README


                     |  |   --     |   |  /
                     |  |              |
                     |  |     --   |   |
                     |  |          |   |  |
                      --    ----   |   |  |

This document attempts to fully explain the implementation and behavior
of the Ubik runtime. When the code and this document disagree, the code
is incorrect; on the other hand, don't trust anything in this document.

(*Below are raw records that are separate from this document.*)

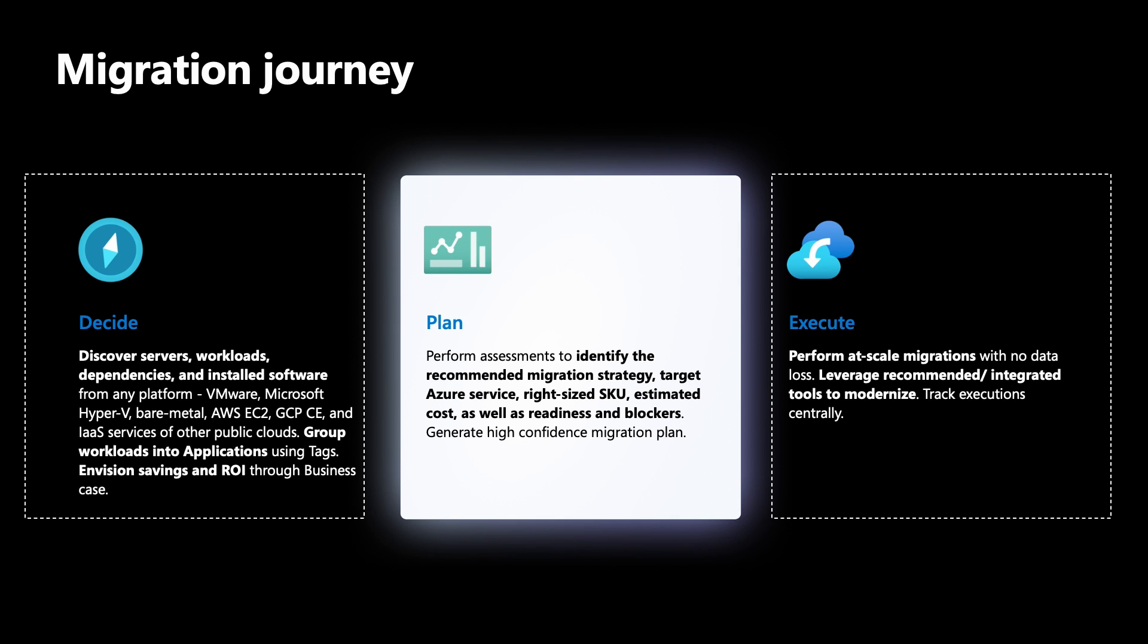Now that you have reviewed your inventory, analyze dependencies between your servers to create application groups, you can go ahead and analyze the ROI of moving these applications to Azure by building a business case, and then continuing to plan the migration of your workloads using Azure Migrate. Thank you for watching this video.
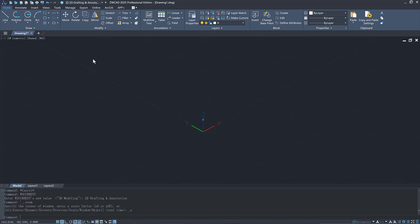ZWCAT 2025 has made great improvements in 3D functions. Now, let's take a look.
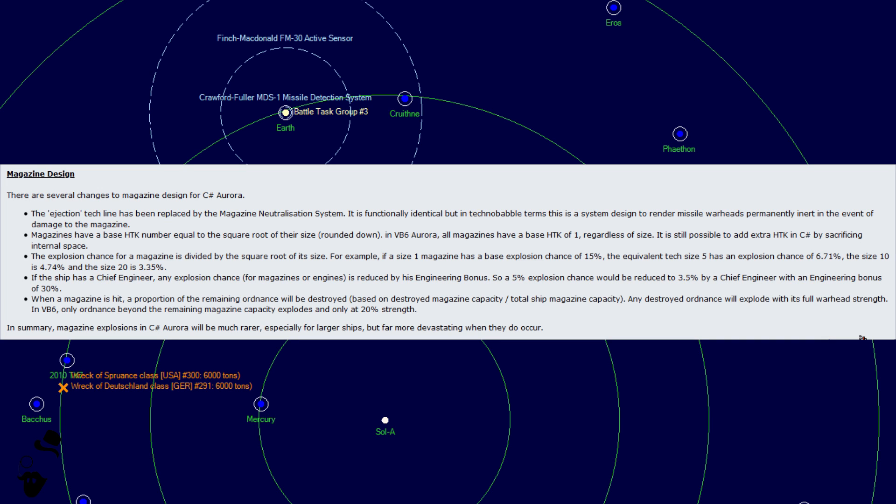So if the ship has a chief engineer, the explosion chance for magazines or engines is reduced by his engineering bonus. So a 5% explosion chance will be reduced to 3.5% by a chief engineer with an engineering bonus of 30%. When a magazine is hit, a proportion of the remaining ordnance will be destroyed based on the destroyed magazine capacity divided by the total ship magazine capacity. Any destroyed ordnance will explode with its full warhead strength. In VB6, only ordnance beyond the remaining magazine capacity explodes and only has 20% strength.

Structure of the project -----------------------------------------------

The project itself is divided into a few software components. By far the
most interesting is libubik, which is the shared library that contains
the entirety of the Ubik runtime. There's runubik, which is a simple
thing that uses libubik to load and run Ubik bytecode. There's ubikc
and ubiki, which are a compiler and interpreter, respectively; both are
thin wrappers around libubik, which contains the actual compiler
implementation. And then there's pyasm, which is a hilarious "assembler"
written as a Python DSL; pyasm will be gone the moment there's a working
Ubik compiler, but for now, with my focus on the runtime, pyasm is here
to stay.

There are unit tests and "integration tests"; unit tests are haphazard
but the integration tests (in the form of pyasm scripts in
test/pyasm/*.upy) are pretty comprehensive. You can run all of the
tests by running `make check`.


        make check

When you're done with all that, the compiler will be present at
bin/ubic, the interpreter will be at bin/ubi and the runtime will
be at bin/ubik.

One last thing: before contributing, please ensure you have installed
the pre-commit hook in the `res` directory before you commit anything.
It does some simple checks to make sure that you're not doing anything
dumb.

For completeness, building Ubik requires:

    - GCC 4.9 or later (it's possible that the build works with other
      versions of GCC and with clang, but they're untested)
    - Bison 3.0 or later
    - Flex 2.6 or later

Ubik has no runtime dependencies outside of libc. The rest of this
document is more interesting, I promise.


Runtime representations ------------------------------------------------

Ubik is based on a simple primitive: unbalanced binary trees of 64-bit
values (called "words"). Everything is expressed in this way, from
integers to types to functions; this homogeneity of data representation
allows us to simplify otherwise-complicated tasks and has a satisfying
purity. Note that the in-memory representation is extremely close to the
on-disk representation of compiled Ubik programs.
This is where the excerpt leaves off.